Year of Award

2019

Document Type

Dissertation - Campus Access Only

Degree Type

Doctor of Philosophy (PhD)

Degree Name

Cellular, Molecular and Microbial Biology

Department or School/College

Division of Biological Sciences

Committee Chair

Mark Grimes

Commitee Members

Ekaterina Voronina, Brent Ryckman, Monica Serban, J. Stephen Lodmell

Keywords

cell signaling, craniofacial cartilage, neural crest, neuroblastoma

Publisher

University of Montana

Abstract

Receptor Tyrosine Kinases (RTKs) are a family of cell surface receptors that bind extracellular ligands and initiate cellular signaling pathways. These pathways ultimately influence cellular behaviors such as cell proliferation, migration, and differentiation. Consequently, mutations and amplifications of RTK genes contribute to the development of several cancers, including neuroblastoma. Neuroblastoma originates from neural crest cells, which are formed as the neural tube closes during vertebrate development. The neural crest differentiates and migrates to form cells of several lineages including the peripheral nervous system, melanocytes, and craniofacial cartilage. These processes are tightly controlled by RTK signaling, and failures in differentiation may lead to uncontrolled cell growth and tumor formation. While extensive research has characterized individual RTK signaling pathways in control of neural crest differentiation, it is unknown how signals from several different receptors are integrated to produce a cellular response. In Chapter 2, we investigate the regulation of RTK activity through endocytosis, which controls RTK degradation and receptor recycling to the plasma membrane. Here we show that the SRC family kinases (SFKs) are located in endosomes of neuroblastoma cells, and are activated by RTKs.
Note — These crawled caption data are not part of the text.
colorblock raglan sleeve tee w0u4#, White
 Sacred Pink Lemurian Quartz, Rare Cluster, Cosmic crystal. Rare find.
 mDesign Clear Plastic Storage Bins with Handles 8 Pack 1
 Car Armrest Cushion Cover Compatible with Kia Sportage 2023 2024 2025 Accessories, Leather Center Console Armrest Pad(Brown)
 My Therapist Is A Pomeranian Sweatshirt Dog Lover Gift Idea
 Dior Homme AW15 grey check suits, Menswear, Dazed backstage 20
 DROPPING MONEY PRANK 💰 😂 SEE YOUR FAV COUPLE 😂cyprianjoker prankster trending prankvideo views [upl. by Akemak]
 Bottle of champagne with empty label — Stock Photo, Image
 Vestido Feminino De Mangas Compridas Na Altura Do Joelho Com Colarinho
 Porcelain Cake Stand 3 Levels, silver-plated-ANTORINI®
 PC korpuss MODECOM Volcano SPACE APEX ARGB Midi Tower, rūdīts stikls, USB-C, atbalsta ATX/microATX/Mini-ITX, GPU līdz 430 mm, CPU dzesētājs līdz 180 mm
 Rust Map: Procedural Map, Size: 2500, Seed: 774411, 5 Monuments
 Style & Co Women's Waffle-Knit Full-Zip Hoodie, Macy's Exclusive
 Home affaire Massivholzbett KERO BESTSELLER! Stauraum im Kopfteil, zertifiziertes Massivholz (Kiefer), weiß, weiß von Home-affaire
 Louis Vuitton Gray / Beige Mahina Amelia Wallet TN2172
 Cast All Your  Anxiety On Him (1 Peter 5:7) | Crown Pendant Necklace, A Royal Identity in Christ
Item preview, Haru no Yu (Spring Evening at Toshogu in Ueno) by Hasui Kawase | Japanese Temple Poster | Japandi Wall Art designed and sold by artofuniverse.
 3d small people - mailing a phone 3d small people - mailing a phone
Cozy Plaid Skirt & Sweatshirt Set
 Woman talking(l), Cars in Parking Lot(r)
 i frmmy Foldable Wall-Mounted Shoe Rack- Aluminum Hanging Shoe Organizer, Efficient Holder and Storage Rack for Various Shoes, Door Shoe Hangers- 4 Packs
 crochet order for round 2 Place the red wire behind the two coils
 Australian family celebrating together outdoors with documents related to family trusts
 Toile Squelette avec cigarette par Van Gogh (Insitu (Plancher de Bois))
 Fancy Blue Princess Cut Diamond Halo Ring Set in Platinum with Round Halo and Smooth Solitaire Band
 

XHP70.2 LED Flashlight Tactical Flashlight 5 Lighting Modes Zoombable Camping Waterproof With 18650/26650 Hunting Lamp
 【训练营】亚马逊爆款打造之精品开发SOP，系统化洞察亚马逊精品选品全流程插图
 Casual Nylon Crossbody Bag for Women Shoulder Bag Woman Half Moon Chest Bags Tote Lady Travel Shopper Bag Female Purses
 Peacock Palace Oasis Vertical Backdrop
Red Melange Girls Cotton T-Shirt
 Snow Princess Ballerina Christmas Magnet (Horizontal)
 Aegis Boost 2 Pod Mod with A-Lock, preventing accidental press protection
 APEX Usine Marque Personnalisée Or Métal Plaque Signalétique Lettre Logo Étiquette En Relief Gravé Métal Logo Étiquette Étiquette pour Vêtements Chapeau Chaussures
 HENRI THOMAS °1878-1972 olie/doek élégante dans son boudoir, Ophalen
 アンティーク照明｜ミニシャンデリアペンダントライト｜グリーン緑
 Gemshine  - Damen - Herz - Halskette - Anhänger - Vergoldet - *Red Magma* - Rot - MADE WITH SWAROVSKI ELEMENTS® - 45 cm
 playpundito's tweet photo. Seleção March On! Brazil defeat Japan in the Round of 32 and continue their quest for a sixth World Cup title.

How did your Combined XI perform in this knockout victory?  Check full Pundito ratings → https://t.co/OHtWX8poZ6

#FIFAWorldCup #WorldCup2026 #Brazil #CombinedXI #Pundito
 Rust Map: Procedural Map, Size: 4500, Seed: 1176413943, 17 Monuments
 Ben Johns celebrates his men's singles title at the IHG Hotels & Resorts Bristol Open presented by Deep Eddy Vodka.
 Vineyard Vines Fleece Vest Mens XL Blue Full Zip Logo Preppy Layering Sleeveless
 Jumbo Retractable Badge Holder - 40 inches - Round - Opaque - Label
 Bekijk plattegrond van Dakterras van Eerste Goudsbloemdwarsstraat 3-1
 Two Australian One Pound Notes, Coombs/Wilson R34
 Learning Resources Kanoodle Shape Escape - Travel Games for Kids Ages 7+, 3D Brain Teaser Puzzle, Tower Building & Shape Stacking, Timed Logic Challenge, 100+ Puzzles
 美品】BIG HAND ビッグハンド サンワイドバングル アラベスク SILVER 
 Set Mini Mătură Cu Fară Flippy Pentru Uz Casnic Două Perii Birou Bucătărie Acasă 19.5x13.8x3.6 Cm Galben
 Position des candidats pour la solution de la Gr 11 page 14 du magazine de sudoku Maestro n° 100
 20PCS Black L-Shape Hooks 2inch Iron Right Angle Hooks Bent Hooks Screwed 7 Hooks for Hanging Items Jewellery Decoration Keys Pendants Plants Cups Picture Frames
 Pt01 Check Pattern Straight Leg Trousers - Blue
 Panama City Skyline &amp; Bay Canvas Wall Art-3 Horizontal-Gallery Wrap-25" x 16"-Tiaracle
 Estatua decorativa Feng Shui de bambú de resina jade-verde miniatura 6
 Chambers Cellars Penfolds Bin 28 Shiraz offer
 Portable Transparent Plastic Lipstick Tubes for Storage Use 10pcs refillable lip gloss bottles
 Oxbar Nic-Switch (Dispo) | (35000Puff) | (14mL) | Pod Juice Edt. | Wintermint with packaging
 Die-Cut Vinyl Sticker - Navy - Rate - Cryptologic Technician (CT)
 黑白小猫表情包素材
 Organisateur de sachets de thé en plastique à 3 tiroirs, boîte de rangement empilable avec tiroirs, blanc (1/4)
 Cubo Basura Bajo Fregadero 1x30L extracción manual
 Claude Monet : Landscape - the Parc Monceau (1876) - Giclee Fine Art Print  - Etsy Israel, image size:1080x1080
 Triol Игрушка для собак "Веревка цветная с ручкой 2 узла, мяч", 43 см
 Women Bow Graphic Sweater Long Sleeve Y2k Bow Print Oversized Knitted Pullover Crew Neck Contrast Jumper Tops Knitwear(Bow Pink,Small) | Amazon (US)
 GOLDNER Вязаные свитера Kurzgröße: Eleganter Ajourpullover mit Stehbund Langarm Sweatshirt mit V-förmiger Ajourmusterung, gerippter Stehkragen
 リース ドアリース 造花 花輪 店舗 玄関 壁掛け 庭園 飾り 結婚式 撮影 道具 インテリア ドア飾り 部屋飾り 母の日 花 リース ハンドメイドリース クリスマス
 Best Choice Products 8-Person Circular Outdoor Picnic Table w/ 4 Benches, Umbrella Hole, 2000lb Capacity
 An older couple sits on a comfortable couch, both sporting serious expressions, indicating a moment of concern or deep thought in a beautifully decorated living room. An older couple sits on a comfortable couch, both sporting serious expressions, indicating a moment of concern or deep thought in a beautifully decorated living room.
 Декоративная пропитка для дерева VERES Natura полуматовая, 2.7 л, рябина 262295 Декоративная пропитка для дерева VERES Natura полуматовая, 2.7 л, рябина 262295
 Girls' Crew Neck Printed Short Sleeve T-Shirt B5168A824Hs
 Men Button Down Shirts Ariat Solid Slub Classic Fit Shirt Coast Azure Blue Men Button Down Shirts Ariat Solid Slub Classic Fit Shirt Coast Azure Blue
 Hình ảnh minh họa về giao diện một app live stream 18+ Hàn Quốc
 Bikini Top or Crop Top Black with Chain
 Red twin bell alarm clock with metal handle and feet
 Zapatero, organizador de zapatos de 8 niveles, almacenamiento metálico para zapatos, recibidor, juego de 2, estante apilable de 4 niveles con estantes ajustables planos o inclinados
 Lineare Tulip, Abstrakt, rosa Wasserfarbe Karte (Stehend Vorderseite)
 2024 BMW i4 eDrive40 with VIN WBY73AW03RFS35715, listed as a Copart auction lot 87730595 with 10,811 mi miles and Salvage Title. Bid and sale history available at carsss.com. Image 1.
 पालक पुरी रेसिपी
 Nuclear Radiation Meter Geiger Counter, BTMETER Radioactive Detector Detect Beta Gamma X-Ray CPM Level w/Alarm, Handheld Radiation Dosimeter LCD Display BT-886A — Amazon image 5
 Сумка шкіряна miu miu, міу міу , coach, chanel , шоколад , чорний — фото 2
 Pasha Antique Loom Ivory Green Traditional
Furthermore, SFK localization within different endosome populations changed in response to signaling by ALK and KIT. The scaffold protein, PAG1, forms signaling complexes containing SFKs as well as members of other pathways downstream of RTKs. To understand how PAG1 directs pSFK endocytosis and sequestration, we generated a PAG1 protein lacking the transmembrane domain. We define a model where PAG1 directs pSFK localization in responses tailored to different receptors and overall signaling. PAG1 mutation increased SFK activity in cells, but decreased SFK activity in endosomes and reduced cell differentiation. In Chapter 3, to better understand differences in signaling between human neural crest and neuroblastoma, we generated neural crest stem cells from human embryonic stem cells. During differentiation, neural crest cells unexpectedly formed cartilage, a cell lineage derived from neural crest. We investigated the differentiation of craniofacial cartilage and developed a protocol for production of cartilage organoids. Organoids are a promising model for neural crest development as well as a potential source of cartilage for facial reconstructions.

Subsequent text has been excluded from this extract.